For the second day running, Sterling was undermined by weaker than expected economic data. The latest retail sales data recorded a 1.3% decline in sales volume for April following a revised 0.6% decline the previous month. With markets expecting sales to be broadly flat over the month, the sharp decline inevitably pushed Sterling weaker.
The latest government data released at the same time registered a borrowing requirement of GBP8bn for April. Distortions surrounding asset sales and transfers made comparison difficult, but there was a small net decline in the deficit from last year. There was cautious commentary from the IMF as it warned that the UK was still a long way from a sustainable recovery.
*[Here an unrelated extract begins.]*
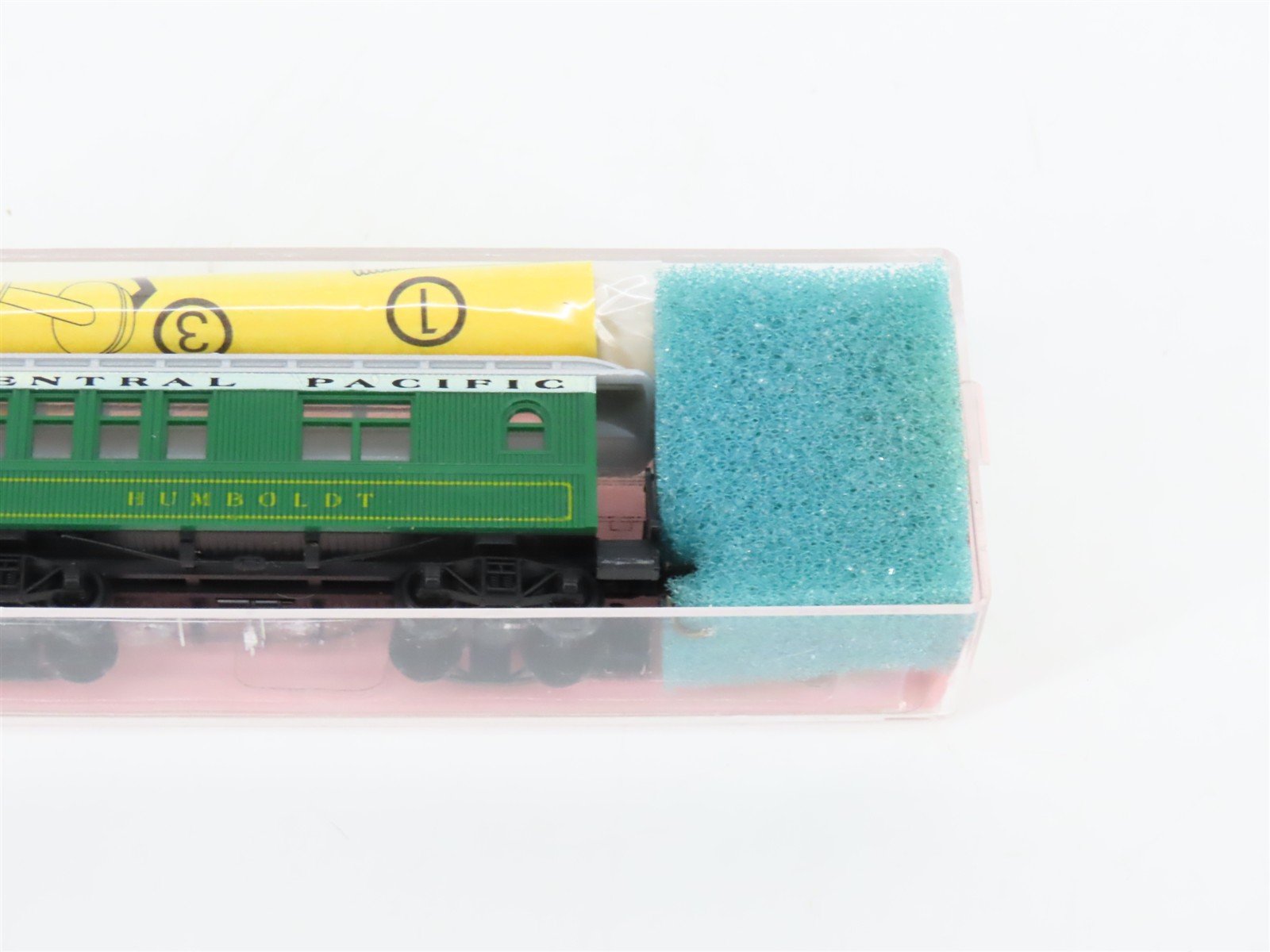 N Roundhouse 8543 CP Central Pacific 34' Overton Business Passenger Car Humbolt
The latest Bank of England minutes again recorded a 6-3 vote for quantitative easing to be left on hold in May, the same vote as had been seen for the past four months. Governor King was again out-voted by the majority of MPC members. Although there was a slightly more optimistic economic tone in the minutes, Sterling weakened to lows below 1.51 against the dollar.
The Swiss franc was an important focus during the European session. The currency was already showing signs of vulnerability and losses accelerated following comments from National Bank Chairman Jordan. He did not rule out the possibility of raising the Euro minimum level from 1.20 at present while negative interest rates also remained a possible policy tool. The talk surrounding a higher minimum level pushed the franc to two-year lows above 1.26 against the Euro.
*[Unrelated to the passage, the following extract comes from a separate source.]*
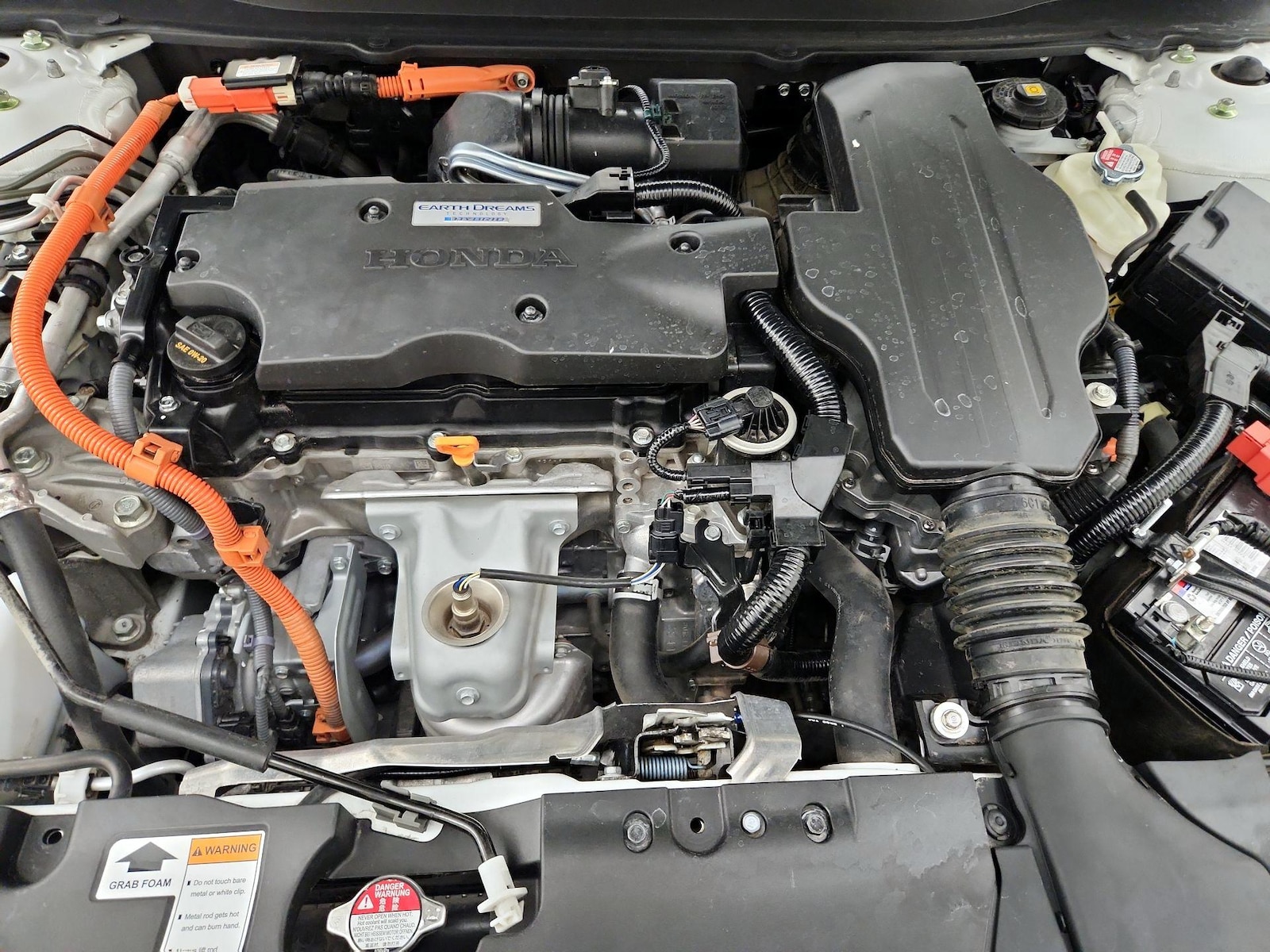 2018 Honda Accord Hybrid Touring - Photo 23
Ahead of the US open, there were comments from Fed Governor Dudley which suggested that the central bank would need 3-4 months before determining whether or not to taper bond purchases. The underlying dovish tone maintained a soft dollar tone ahead of crucial congressional testimony from Fed Chairman Bernanke.
In prepared remarks, Bernanke again stated that the Fed could increase or decrease the pace of quantitative easing depending on economic conditions. He was still concerned over underlying weakness in the labour market despite some signs of recent improvement with a warning over the damage of long-term unemployment. These remarks were broadly in line with comments from the previous Fed meeting as he looked to maintain as much flexibility as possible. He also expressed concerns that premature tightening could stall the recovery and be very costly.
The dollar weakened sharply following Bernanke’s comments with EUR/USD approaching key resistance in the 1.30 area as volatility spiked higher. Weakness quickly attracted fresh dollar buying as the Euro retreated rapidly to lows below 1.29 ahead of the European close.